What you should be looking for in terms of a graphical interface is something reflective of your company's brand image and marketing campaigns, and, above all else, intuitive and easy to use.
"It should be easy for them to accomplish what they're trying to do," explains Sterne. If this sentiment seems gee-whiz self-evident, think back on some of your recent Web experiences.
"Are you trying to sell stuff? Well, it should be as easy as possible to buy stuff. It should be as easy as possible for people to discover, compare, contrast, try, configure, join, subscribe … whatever the action word is, the focus should constantly be on ease of use … and it seldom is," Sterne says.
There are several ways to go about discovering whether or not your customers are having an easy time navigating your site.

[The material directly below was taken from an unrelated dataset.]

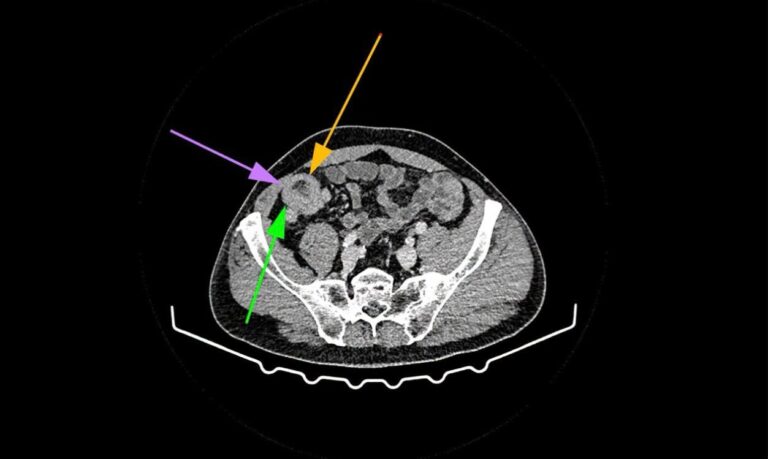 У Франківському онкоцентрі прооперували пацієнта з рідкісною пухлиною тонкої кишки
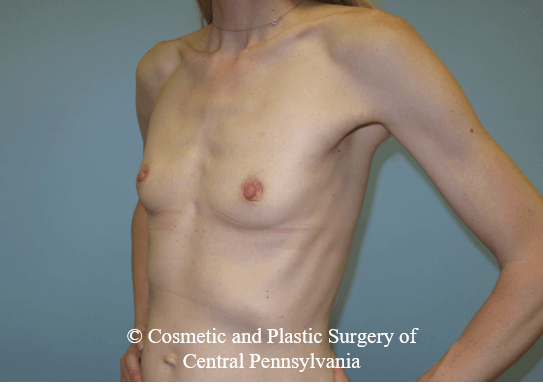 Breast Augmentation Before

First off, you can ask them:
> Conduct a usability study wherein you set people down in front of computers with your site and then ask questions about the experience.
> Another option is to employ a pop-up survey that asks, between pages, why certain choices were made and what is expected of the next page.
Or, says Sterne, you can just watch them:
> Sites can offer discounts to customers who let companies track their keystrokes to "see all the times I hit the 'back' button or all the times I didn't fill out the form completely."
> Other sites simply analyze server logs to see what paths customers take through the site, where bottlenecks occur and where they exit.
Make It Personal
The great thing about the Web is that it can be hardwired to your database. From there, you can do all sorts of personalizing based on what you know about your customers. But because you can do something doesn't necessarily mean you should.